Moscow Helps Amman Builds its 1st Nuclear Plant

Written by | Wednesday, December 11th, 2013
DR. Pavel Hnat

Jordan has opted for nuclear energy to keep up with growing demands and avoid recurring power outages affecting the Middle-eastern country’s economy.
Russian consortium has been picked by the Jordanian authorities to help Amman build its first nuclear power plant in a troubled region rocked by the Arab Spring.
According to a deal sealed with Jordan Atomic Energy Commission, Russian Rosatom’s reactor export subsidiary, AtomStroyExport, will supply the technology, while Rosatom Overseas will operate the facility.

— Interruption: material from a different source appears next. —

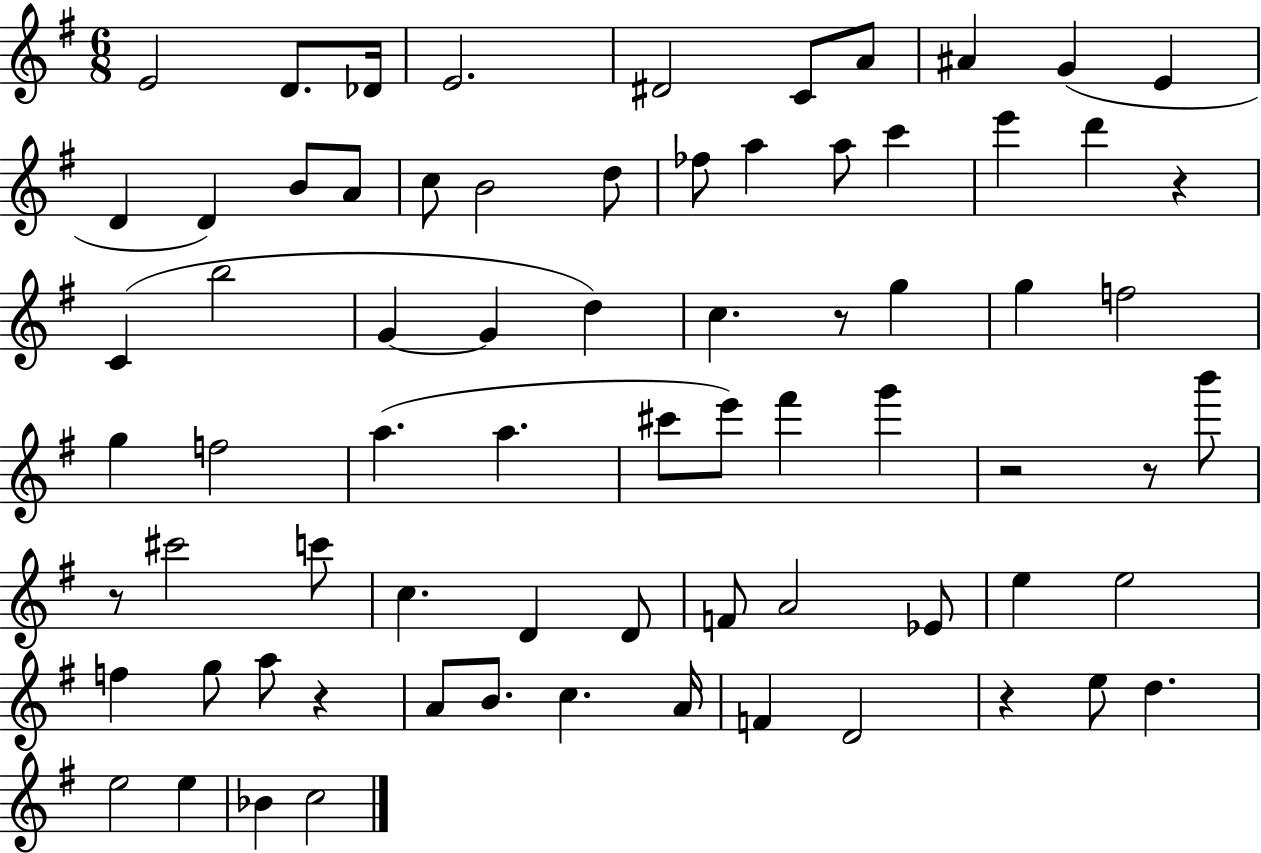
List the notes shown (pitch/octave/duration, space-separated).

E4/h D4/e. Db4/s E4/h. D#4/h C4/e A4/e A#4/q G4/q E4/q D4/q D4/q B4/e A4/e C5/e B4/h D5/e FES5/e A5/q A5/e C6/q E6/q D6/q R/q C4/q B5/h G4/q G4/q D5/q C5/q. R/e G5/q G5/q F5/h G5/q F5/h A5/q. A5/q. C#6/e E6/e F#6/q G6/q R/h R/e B6/e R/e C#6/h C6/e C5/q. D4/q D4/e F4/e A4/h Eb4/e E5/q E5/h F5/q G5/e A5/e R/q A4/e B4/e. C5/q. A4/s F4/q D4/h R/q E5/e D5/q. E5/h E5/q Bb4/q C5/h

The project will cost about $ 10 billion, or about one third of Jordan’s GDP – will be shared between the consortium (49 pc) and the Jordanian government (51 pc).
The consortium will retain a 49 pc stake in the plant, whose two reactors – the first will be operational by 2020, the second by 2025 – will have a combined capacity of 2000 MW.
Construction works of the power plant are expected to start in 2014. Jordan says this project will help reduce its dependence on foreign energy imports and create some 10,000 well-paying jobs.
Once operational, the plant and its facilities will require hundreds of technicians, maintenance experts and other skilled and semi-skilled personnel whose greater purchasing power will help support the economies of local communities.
Along with a new oil pipeline from Iraq, exploitation of domestic shale oil, and use of renewable energy (wind& solar), the nuclear facility will boost Jordan’s energy mix, cut electricity prices and support the country’s economic growth.
Jordan also mulls building a series of smaller (180-MW) reactors that will provide power in various parts of the country which says it abides by all the guidelines of International Atomic Energy Agency and calls for all weapons of mass destruction to be banned from the Middle East.